[postgis-devel] postgis_tiger geocoding extension : France & temporal geocoding

Stephen Woodbridge woodbri at swoodbridge.com
Thu Jun 16 06:15:41 PDT 2016


Hi Remi,

I have started a project to create an address standardizer that can be 
internationalized with the longer term goal of redesigning the postgis 
geocoder to work with data from any data sources.
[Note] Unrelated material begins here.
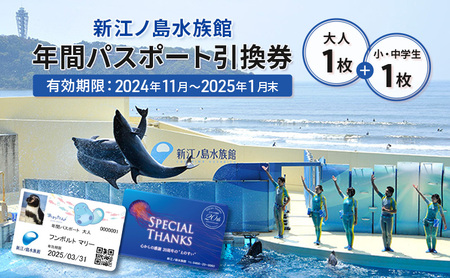 チケット 神奈川 [新江ノ島水族館]年間パスポート引換券(大人1枚+小・中学生1枚) 有効期間2024年11月〜2025年1月末まで 水族館 パスポート 入場券 江ノ島 藤沢市 神奈川県 プレゼント ギフト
https://github.com/woodbri/address-standardizer

The design for a generic geocoder works like this:

* load street data into a table with geometry
* standardize the street data into a standardized table
* given a query address
   * standardize it
   * generate a query to search for candidate records in the standized table
   * score/filter the candidate records
   * fetch the geometry and compute the location

The address-standardizer needs some performance tuning as it has 
problems when the lexicon gets large and/or when the grammar gets too 
complex.

I'm still fairly new at C++, and would be happy to get pull requests or 
a code review.

I have a sample lexicon and grammar for France and it should be straight 
forward to add a dimension like date to the scheme above and filter 
candidate records based on dates in the scoring process.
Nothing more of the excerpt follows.